# It's ordered!



## elaniemay (Jun 7, 2013)

My husband was going to build a cat tree for Stanley and Napoli but it is difficult to find time to do that with three kids, work, the furry kids, and everything else in life. I decided to go ahead and just buy one and pray that it works out well for us. I read tons of reviews and broke each down by price per inch and feel that I got a great deal for [what looks to be] a great piece of cat furniture. I'm so excited! It is supposed to be delivered by Friday (though I am not sure they are taking the holiday into account) and can't wait to get it set up for the kitties.

Here's a photo of the one I ordered:


----------



## cinderflower (Apr 22, 2012)

how exciting for you.  you broke it down into price per inch!!! hahaha I never even thought of doing that but it makes sense. hope your cats like it as much as you do.


----------



## JungliBillis (Mar 20, 2013)

Awesome! Please post pics when you get it! Can't wait to see your excited cats on it


----------



## TinyPaws (Jun 23, 2013)

Wow that looks utterly amazing!!


----------



## dt8thd (Jan 7, 2013)

Wow, that is some serious cat furniture! I hope your kitties love it.


----------



## elaniemay (Jun 7, 2013)

It shipped today and still says it will deliver Friday, so maybe it really will be here that soon! I don't know why I am so excited for a piece of furniture that is not even for me, lol!


----------



## howsefrau32 (Mar 6, 2013)

Lucky, spoiled kitties!!! They are going to LOVE it!!! I love how it has more than one pedestal at the top, my little Stephano loves his that is at the very top, in fact, he is on it now. My kitties have two trees, and they love them, spend 90% of their time on them. It will be cute to see pictures of your kitties when the new tree arrives. They will be all over it as you are putting it together, and in the box


----------



## elaniemay (Jun 7, 2013)

I really tried to read reviews carefully and take what people said their cats liked most and put it on my "must have" list for the cat tree I decided on. I knew it needed to be sturdy, tall, and have multiple perches. I knew the bottom portion did not matter as far as a perch or whatever because most people said their cats didn't care about the lower stuff as much as the higher stuff. Hopefully everyone was right!


----------



## Marcia (Dec 26, 2010)

I love the little ladders up to the higher levels. Good for older cats that don't jump well any more. Congratulations!! This is a cat palace!!


----------



## Whenthecatsaway (Jan 3, 2013)

OMB it's so huge! I want it!! :0 


Sent from Petguide.com Free App


----------



## howsefrau32 (Mar 6, 2013)

I agree, the things on the bottom are rarely used, although I have one cat tree that just has a carpeted, flat bottom that Taffy likes to lay on. But as far as hammocks or pouches or places that are not really solid....nope, I don't think those things every get used. Next time I'll know. I think this tree that you ordered, they will like the house that is the second level from the bottom, I think that will be well liked. However, I bet they will neve use the ladder that leads up to it. I have a rope ladder on one of my trees, never seen the kitties even touch it.


----------



## gizmothecat (Jun 26, 2013)

looks amazing!!!! they WILL love it!!


----------



## Leazie (Apr 14, 2007)

I have the exact tree. It is several years old now and holding up pretty well. I wish it was a little more stable but it is safe. We didn't put the highest perch up (when we bought the tree it was a basket type attachment and it didn't seem like it would hold my big boned cats) and it works really well because the cats have a comfy platform to watch the birds.


----------



## elaniemay (Jun 7, 2013)

We received it yesterday and my husband put it together for me in a flash. They love it already! Stanley was a little apprehensive last night, but Napoli immediately climbed to the top and laid down on one of the high perches. This morning, Stanley was all over it playing like crazy. Total win!

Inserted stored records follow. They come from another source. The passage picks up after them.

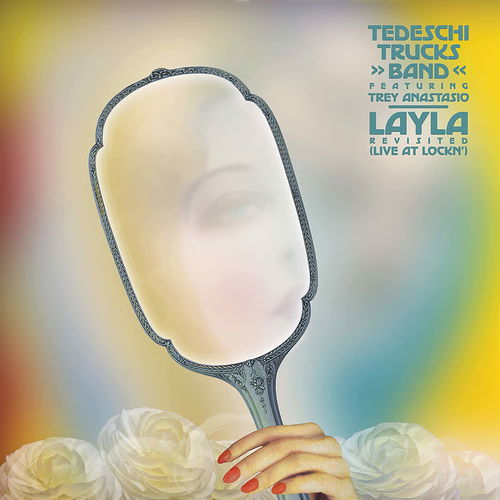 Tedeschi Trucks Band - Layla Revisited - 2CD (CD)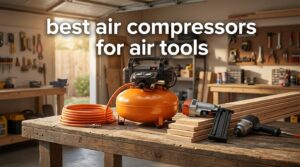 best air compressors for air tools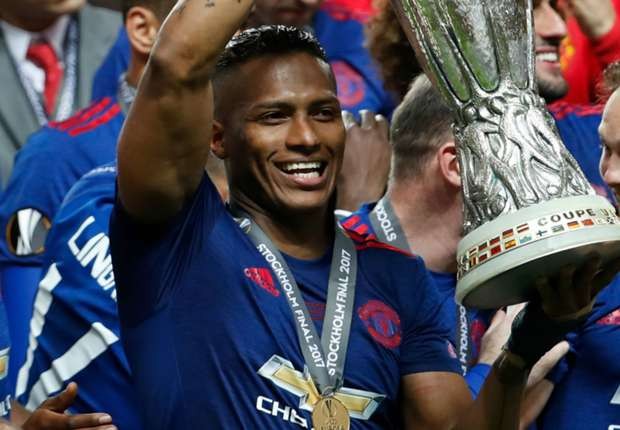 Nóng: Xong tương lai Valencia tại Man Utd - Bóng Đá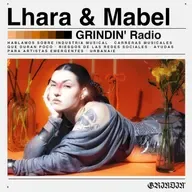 GRINDIN' #88: LHARA & MABEL
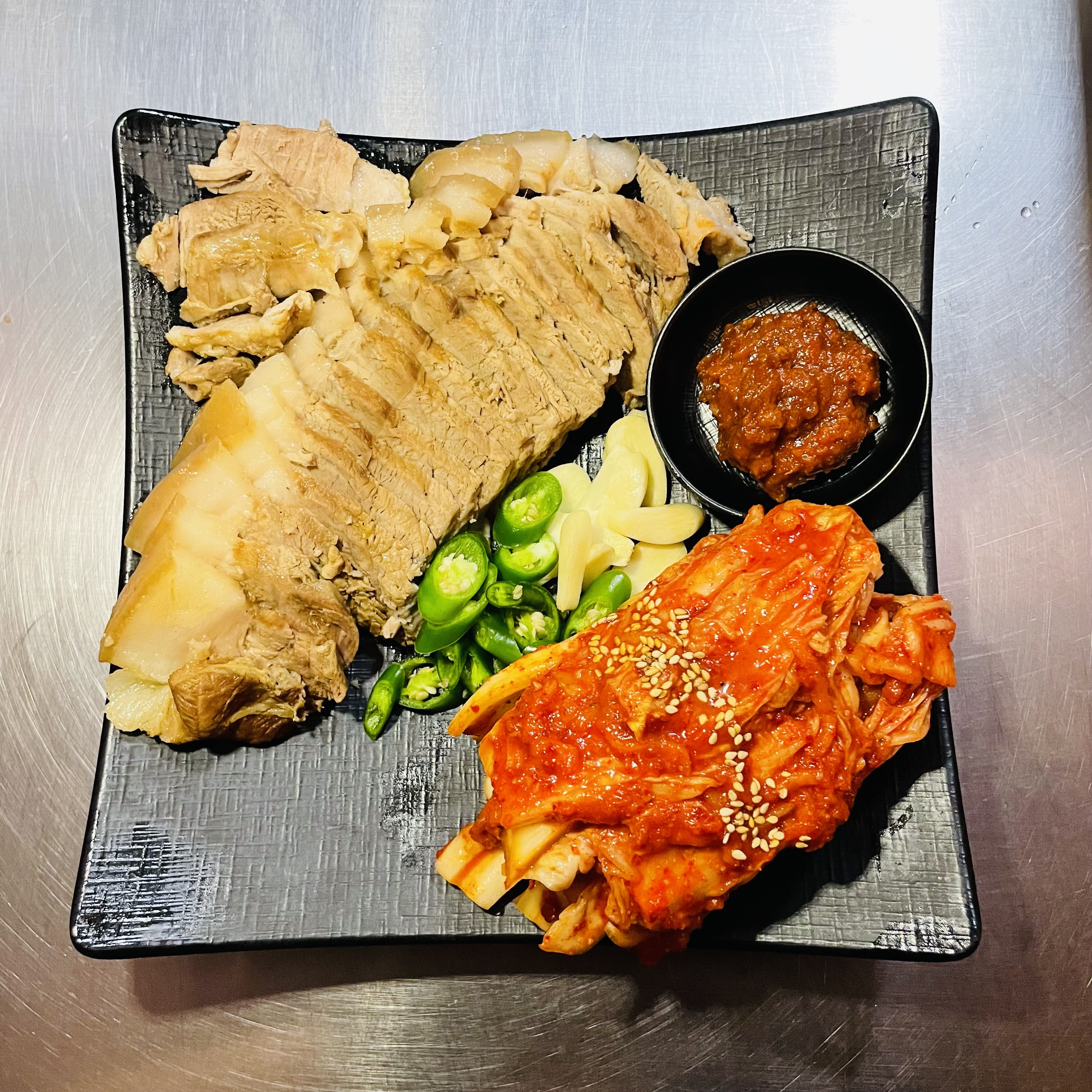 간지네퓨전포차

Now I just have to figure out how we are going to re-work our living room furniture to accommodate it. I have a few ideas, but don't know which I like best. Hubby and I are going to figure that out tonight. For now, it is in the center of the room, lol!


----------



## howsefrau32 (Mar 6, 2013)

We need pics of kitties on it soon!!!! I'm glad they like it


----------



## elaniemay (Jun 7, 2013)

Here are some pictures of them on the tree, though I apologize that they are not the best (I have the wrong lens on my camera to take pictures of the full tree, lol!)

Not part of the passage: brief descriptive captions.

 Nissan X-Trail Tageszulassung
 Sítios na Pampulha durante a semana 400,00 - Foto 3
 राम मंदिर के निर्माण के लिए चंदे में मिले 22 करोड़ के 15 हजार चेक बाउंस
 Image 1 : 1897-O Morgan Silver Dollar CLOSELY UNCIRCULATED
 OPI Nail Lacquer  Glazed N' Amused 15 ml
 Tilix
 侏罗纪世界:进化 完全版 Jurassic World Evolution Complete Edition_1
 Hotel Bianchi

They absolutely LOVE this cat tree! I just ordered some cat nip spray today that I will put on the rope pole things, but they already like them quite a bit. Such a great purchase!


----------



## JungliBillis (Mar 20, 2013)

Awww it's so awesome that they love the tree! I put mine by the window, and they have a nice view of outside while they nap. Stanley is still such a little baby! So cute.


----------



## camskyw (Jan 10, 2012)

That is an amazing cat tree - looks like they are having a great time on it. the kitties are gorgeous, love picture #7 an illusion of who's tail that is!!!! lol


----------



## NebraskaCat (Jan 15, 2013)

You're apologizing for those pictures? That's some amazing photography. Of course your subjects are naturally photogenic, but still ... great. I was going to start, oh I love the 2nd one and 3rd one and 5th one, but truth is, I love all of them. Great capturing of personalities.


----------



## 3gatos (Nov 28, 2012)

Cool,.loved the pics!


----------



## Marcia (Dec 26, 2010)

I posted my brand new, unused 73" tall cat tree on Craigslist for $100 last night. I paid $38 - a great deal but since it's being totally ignored, I'd rather not have it in the house! I already have someone interested. I will donate the $$$ to my favorite local animal shelter.


----------